Monday, October 6, 2014

Suffering Apparent Injustice and More Questions


I was all set to write more about suffering injustice when someone sent me another translation of this phrase which blew what I was going to say.

In a book on Chan Buddhism, Peter Hershock (who is coming here to Austin in a few weeks to talk with us for a day) says that the practice was “suffering apparent injustice.”

He says that when we are good and bad things happen it is because of bad karma earned in previous lives.

At one point Buddha is asked if things sometimes just happen, and he says yes. So this teaching is a little bit in contradiction to Buddha…who also said that if a teacher contradicts the Buddha, then you should follow the teacher.

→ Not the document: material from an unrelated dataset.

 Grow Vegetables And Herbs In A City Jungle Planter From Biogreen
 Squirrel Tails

Another reason that an injustice may be apparent is that we think life shouldn’t be that way. We think sickness, old age, and death are unfair.

N wrote that some Christian missionaries had a dilemma because they didn’t know whether to help the poor since the meek will inherit the Earth (my words, not N’s).

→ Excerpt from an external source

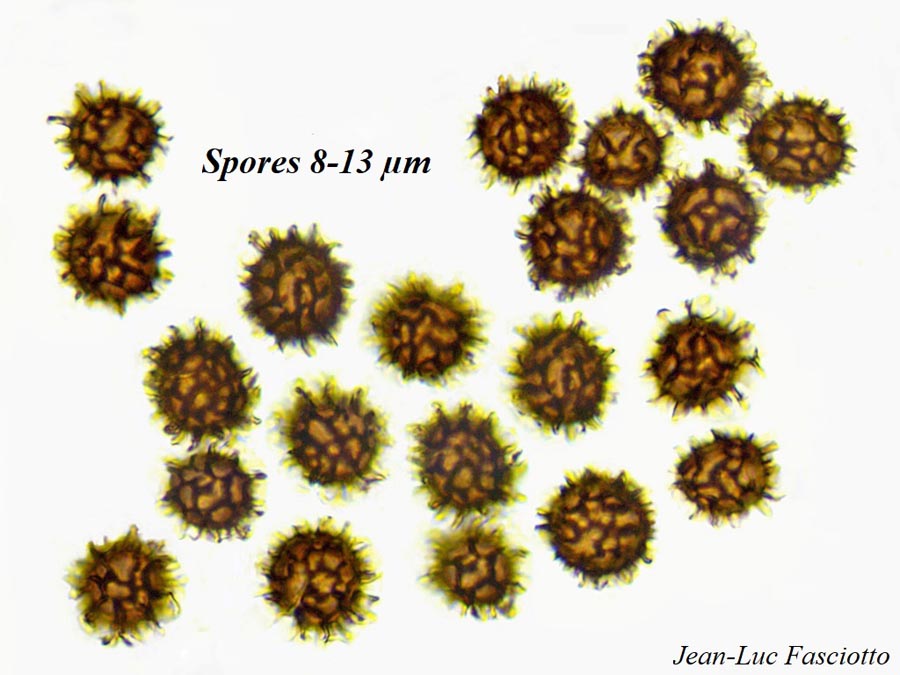 Scleroderma bovista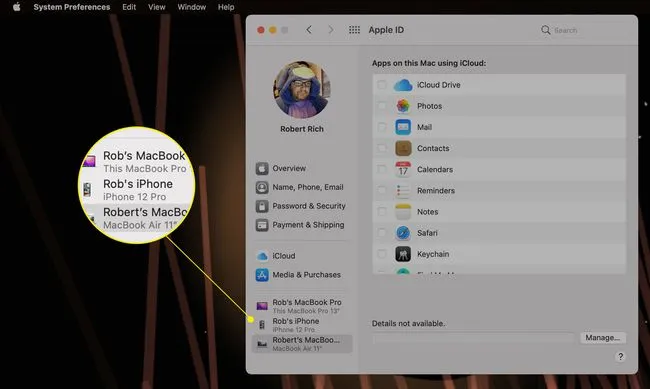 Список устройств на Mac Apple ID Системные настройки выделены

So might we say that Bodhidharma didn’t believe in injustice? Some accuse different political factions of that.

When do we want to change things? There are two pieces of pie for dinner. One is covered with mold, and the other is steaming hot, having just been pulled from the oven. I’m served the moldy pie. Is that just?

Should I eat it as Suzuki Roshi ate the bad cucumbers, without wincing? Or as Buddha knowingly ate some bad pork and died (as the story goes)? He didn’t want to insult his host.

I think tomorrow I’ll try to nip suffering in the b_tt. Ouch!

Sunday, October 5, 2014

Suffering Injustice—Many Questions.

Tangled Mess

Bodhidharma ((who brought Zen (Chan) from India to China around 600 CE)) said in his Outline of Practice that the essence of Chan practice is: suffering injustice, adapting to conditions, seeking nothing, and practicing the Dharma. Why would one of the wisest men who ever lived suggest that we should practice “suffering injustice”? Would the world go to “hell in a hand basket” if we all did that? Do we really have a choice but to do that?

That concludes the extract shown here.